A federal judge on the effects of amendment fever on American polity:
. . . The Massachusetts Supreme Court concocted a state constitutional right to marry persons of the same sex. The court went on to say that opposing views lacked so much as a rational basis. In other words, centuries of common-law tradition, legislative sanction and human experience with marriage as a bond between one man and one woman were deemed by that court unworthy to the point of irrationality.
It would be altogether understandable for Congress and state legislatures to counter this constitutional excess with constitutional responses of their own. Yet it would be the wrong thing to do.
The Framers meant our Constitution to establish a structure of government and to provide individuals certain inalienable rights against the state.

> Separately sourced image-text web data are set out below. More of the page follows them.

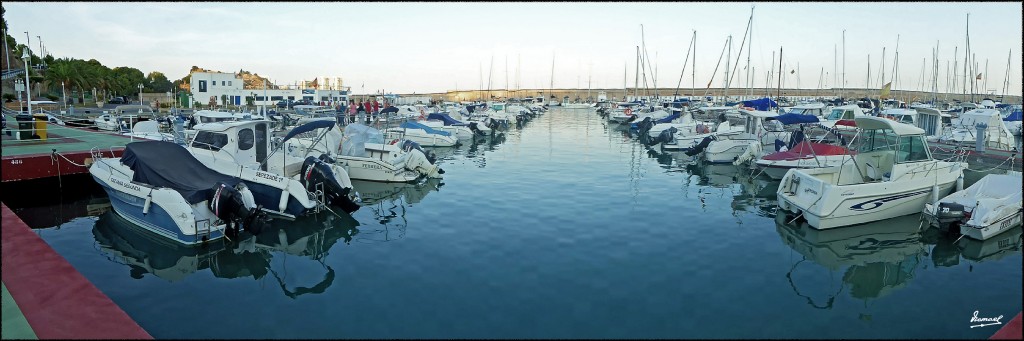 Foto: 170923-31 OROPESA DEL MAR - Oropesa del Mar (Castelló), España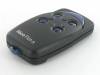 T�l�commande NICE FLO4R fr�quence 433.920 Mhz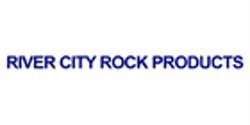 River City Rock Product, Kamloops, BC opening hours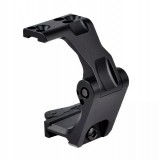 UT Fast Micro Mount - Black (AO9036 Aim-O)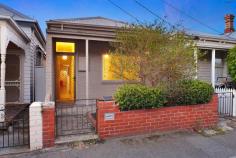 199 Albert Street Port Melbourne VIC 3207 An Increasingly Rare Period Home on 250m2 of Land (approx). Perfectly situated just moments from the sparkling Bay and the cosmopolitan delights of Bay Street, this spacious and light filled home affords an excellent opportunity to live the perfect bayside lifestyle. The home comprises two excellent bedrooms, spacious open plan living and separate dining, a well equipped kitchen, central bathroom and powder room. Completing the home is a large rear yard with excellent northern orientation perfect for sun filled entertaining. This is an exciting opportunity in one of Port Melbourne's best locations. Ready to move in for immediate enjoyment with an exciting scope to further improve or further extend (STCA) if so desired. View Sold Properties for this Location View Auction Results General Features Property Type: House Bedrooms: 2 Bathrooms: 1 Contact Agent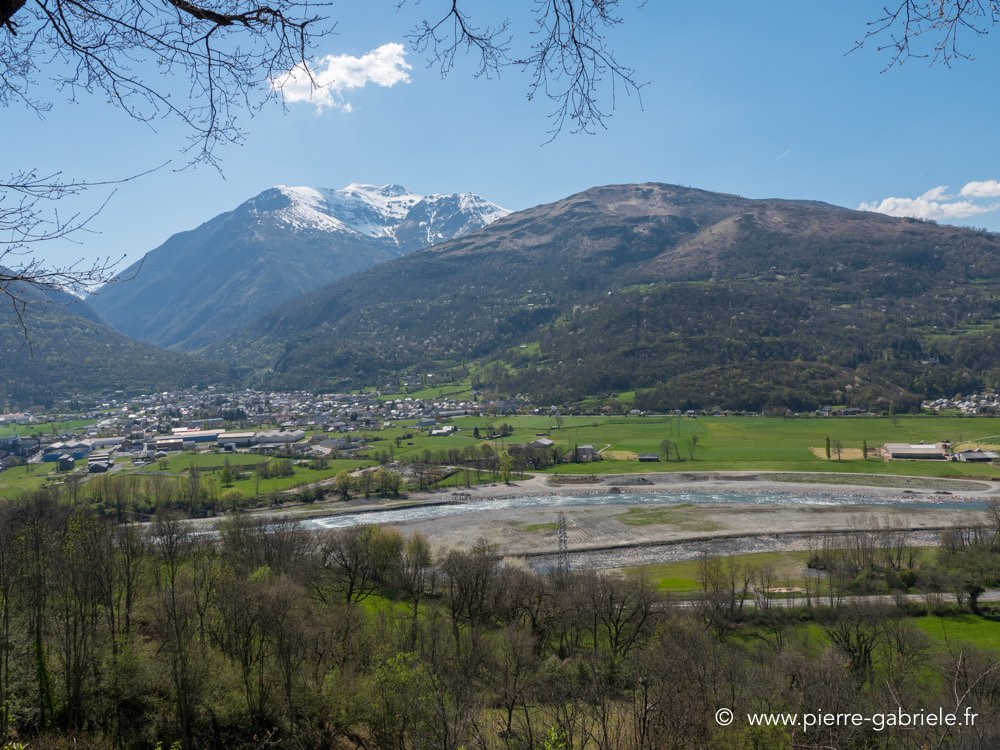 paysage-dudonjon-gx8_0465.jpg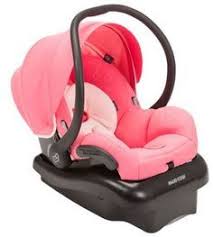 Baby Doll Car Seats That Look Real Baby Car Seats Pink Car Seat Car Seats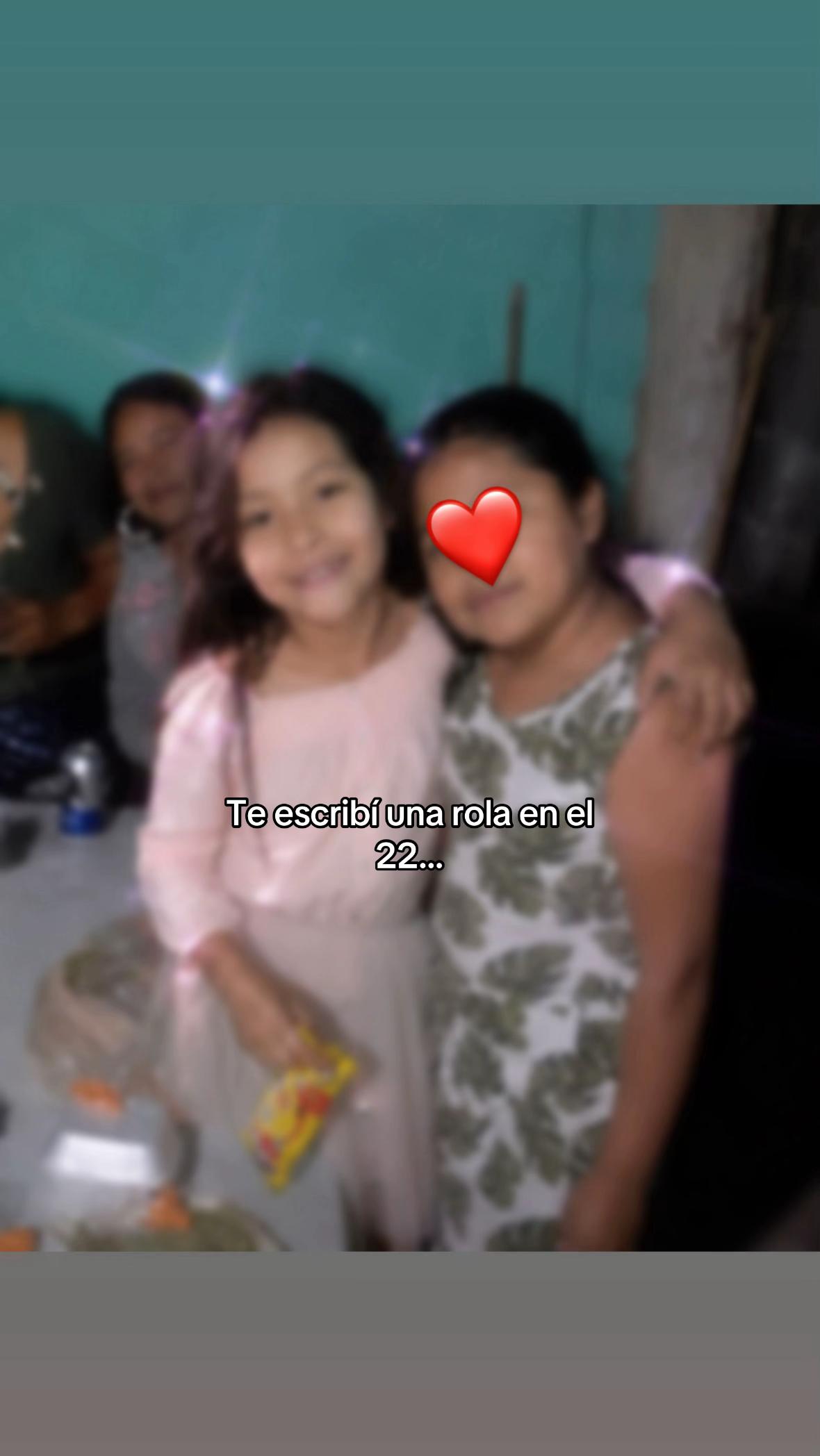 @𝒩𝒶𝓃𝒾ℯ𝓁𝒶.!❤️
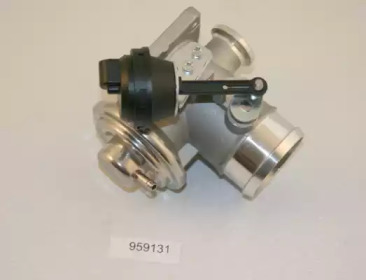 AUTEX 959131 - Клапан возврата ОГ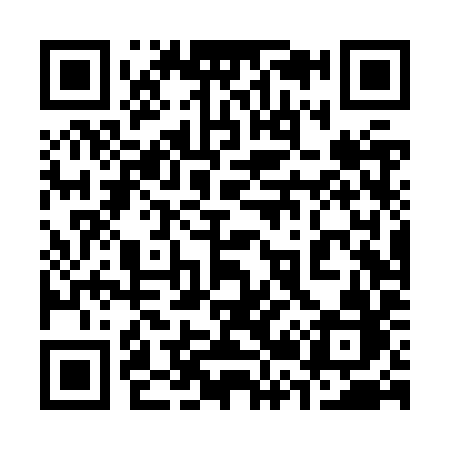 QR code for 324ZYB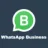 WhatsApp Business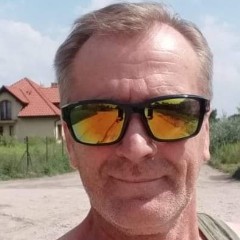 Miroslaw Popielarski
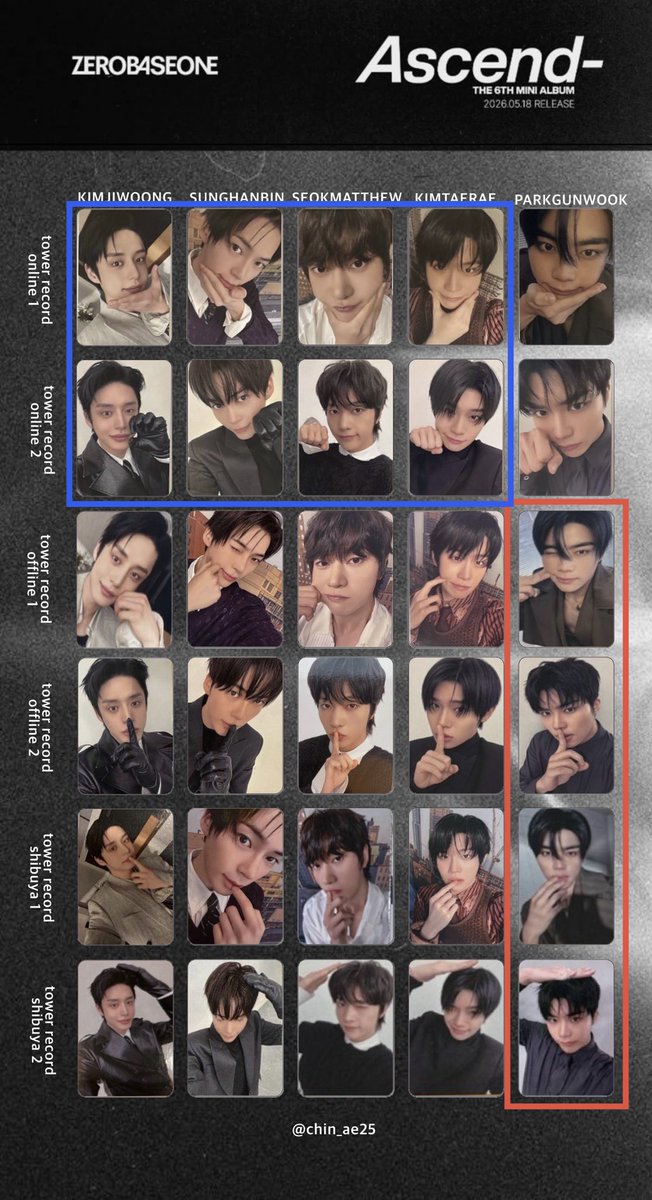 ୨୧ 모네 ୨୧ tweet media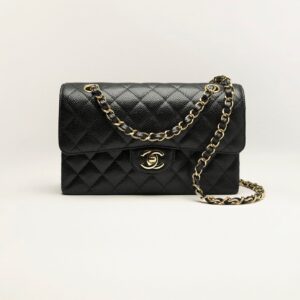 PETIT SAC CLASSIQUE - #1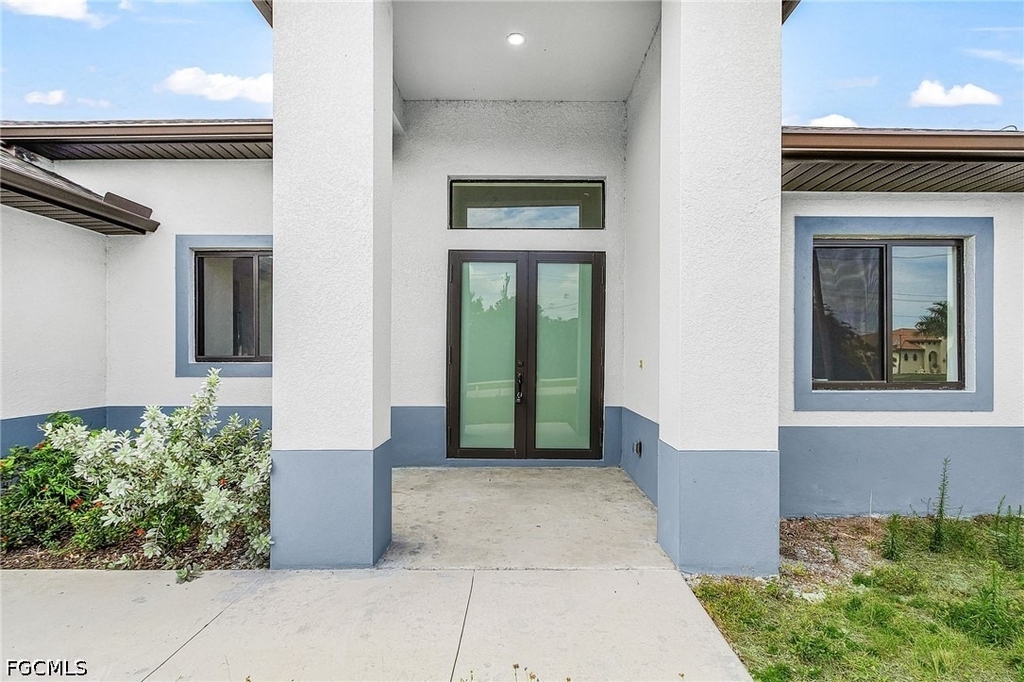 2427 Tropicana Parkway W - Photo 1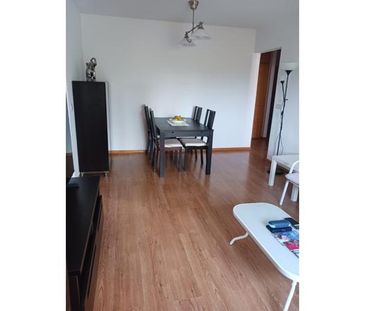 Apartamento T2 em Lisboa - Photo 3
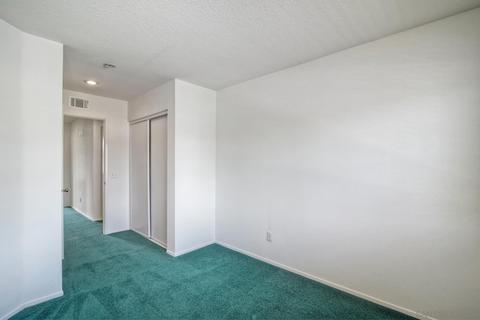31437 Heitz Ln, Temecula, CA 92591 photo 21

They certainly did not envision our Constitution as a place to restrict rights or enact public policies, as the Federal Marriage Amendment does.
Ordinary legislation — not constitutional amendments — should express the community’s view that marriage “shall consist only of the union of a man and a woman.” To use the Constitution for prescriptions of policy is to shackle future generations that should have the same right as ours to enact policies of their own. To use the Constitution as a forum for even our most favored views strikes a blow of uncommon harshness upon disfavored groups, in this case gay citizens who would never see this country’s founding charter as their own.
Let’s look in the mirror. Conservatives who eloquently challenged the Equal Rights Amendment and Roe v. Wade for federalizing core areas of state law now support an amendment that invites federal courts to frame a federal definition of marriage and the legal incidents thereof. . . .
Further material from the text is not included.